The PCA recently marked the first anniversary​ of our partnership with the Chartered Institute of Arbitrators (CIArb) to manage the administration of the pubs code arbitration service. This first year saw the development and successful delivery of mandatory specialist training for pubs code arbitrators. The code is a unique piece of law and it is important that the arbitrators I appoint to decide disputes between tenants and pub companies are familiar with it and understand what the PCA expects from them. All the arbitrators I now appoint from CIArb’s dedicated pubs code panel have proven their knowledge of the code by passing an assessment.

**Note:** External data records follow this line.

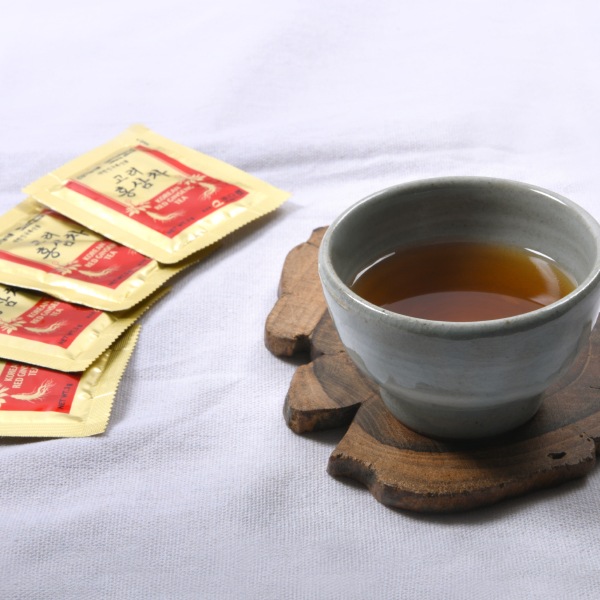 [韓国市場]紅参茶 50包 / 韓国伝統茶 お茶 韓国食品　お歳暮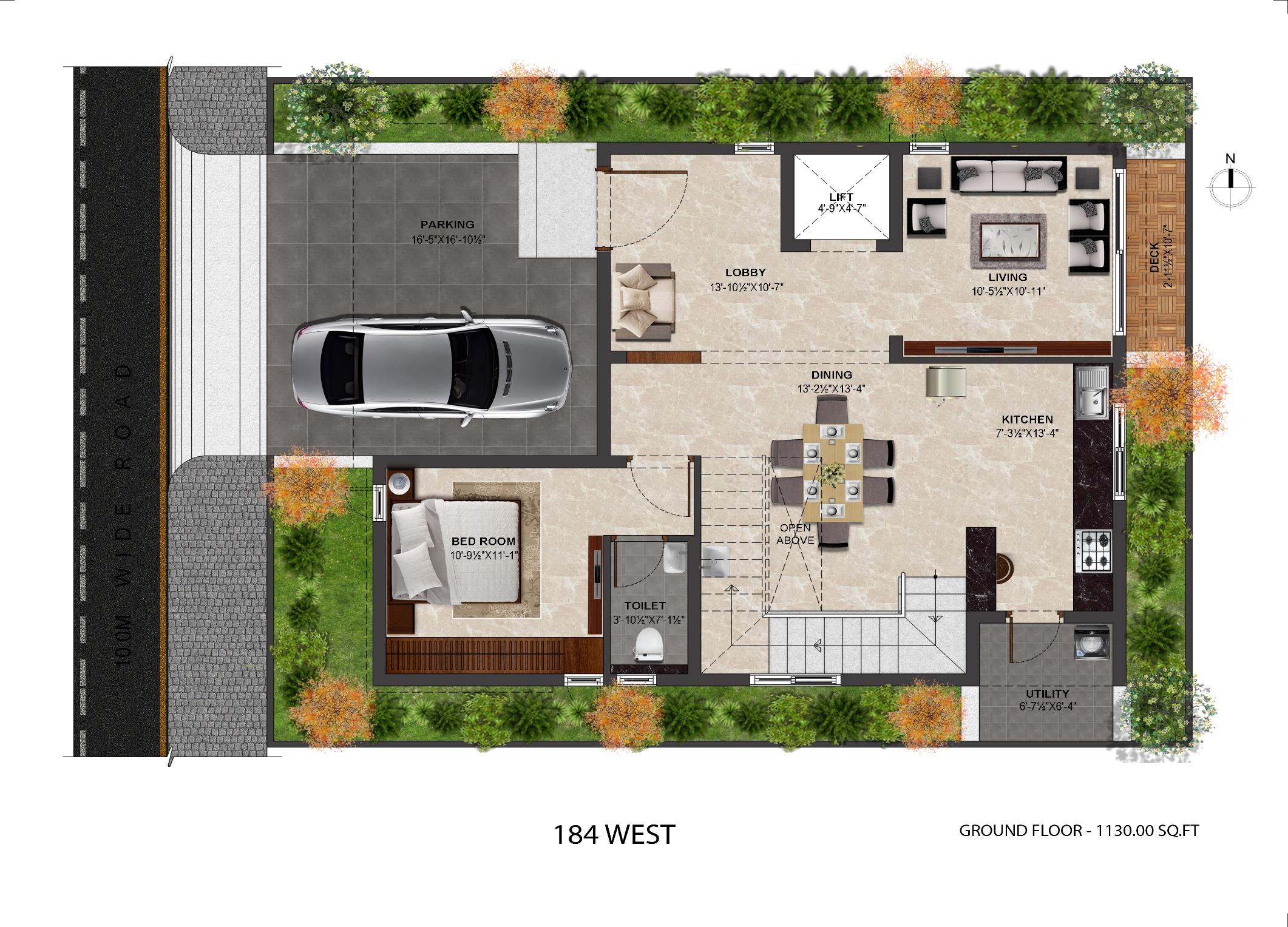 Swamegha primerealty | villas in hyderabad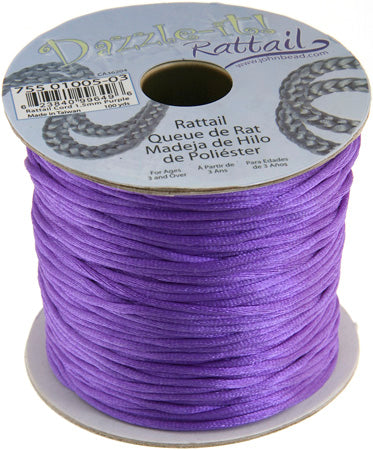 Rattail Cord 1.5mm  100yds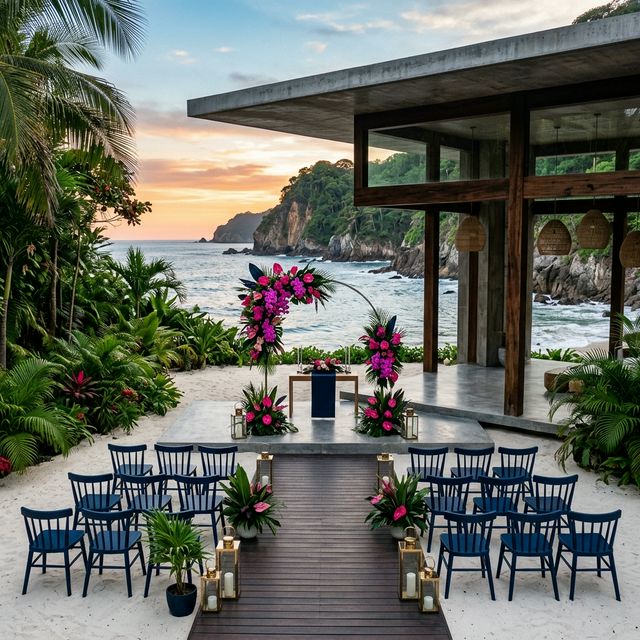 Boda en Riviera Nayarit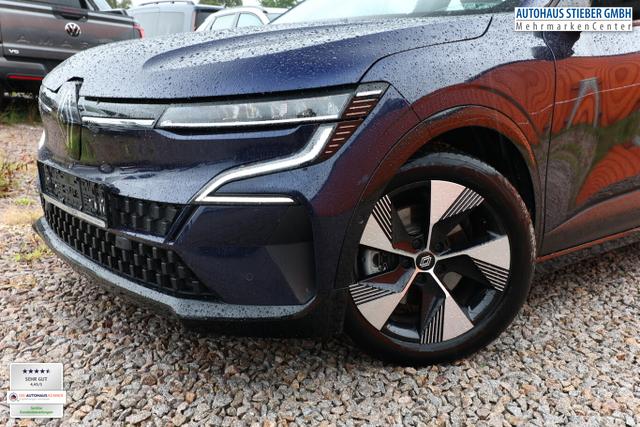 Renault Mégane E-TECH Equilibre Megane EV60 220 Optimum Charge 
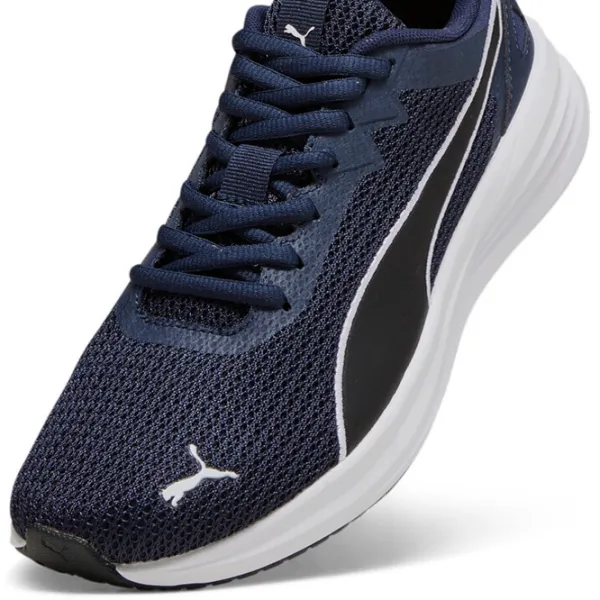 Adidași pentru bărbați Puma Transport Modern 45/ Navy photo 5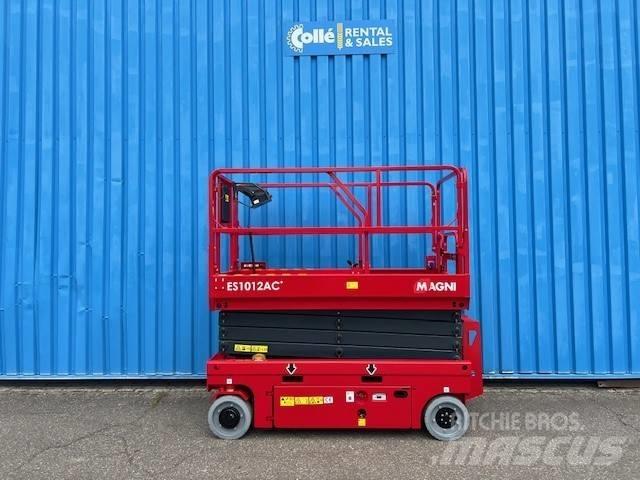 Magni ES 1012 AC+ Sakselifter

This training is a step which builds on the service standards I introduced in April 2021 for how arbitrations are conducted. It is all part of fulfilling my commitment to providing a quality arbitration service for tied tenants and pub companies.

The latest on MRO

Fewer arbitrations are in the most part because of a drop in the number of disputes being referred on the terms of the Market Rent Only (MRO) tenancy. We have not yet reached a full year since the April 2022 amendments to the pubs code which brought changes to the market-rent-only (MRO) option process. These changes included introducing a three-month period in which to try to resolve matters before arbitration, where previously the parties only had 14 days. This may of course be having a positive impact.

We also need to look at the figures in light of the number of tenants asking for MRO to begin with. The latest statistics published by the British Beer & Pub Association​ show overall there has been a gradual decline in the number of MRO notices pub companies have received since the start of the code. Last year, there were 136 accepted MRO notices, a clear reduction on the 191 accepted in 2021. But a higher percentage of those that go through the process are choosing to go free of tie at the end of it. Out of 198 MRO processes that ended last year, 42% of tenants chose to exercise their statutory right to break the tie and take the commercial free of tie tenancy on offer. This is an increase on 34% in 2021 and we have seen this rise year on year, except for 2020 when Covid first impacted on the industry.

I want to stress that where the right to serve a MRO notice arises, a tied tenant who has no interest in breaking the tie can still use the process. It can provide extra leverage in seeking to negotiate the best tied deal, by comparing it with the free of tie option on a commercial rent. In last year’s tenant survey, only six out of 10 tenants were aware of their right to MRO in certain circumstances so it is another area I will be watching closely when this year’s results come in. I will of course be publishing those results as soon as I can.

This column is intended to aid industry understanding about the pubs code and its impact. Nothing in it should be understood to be a substitute for the pubs code legal framework.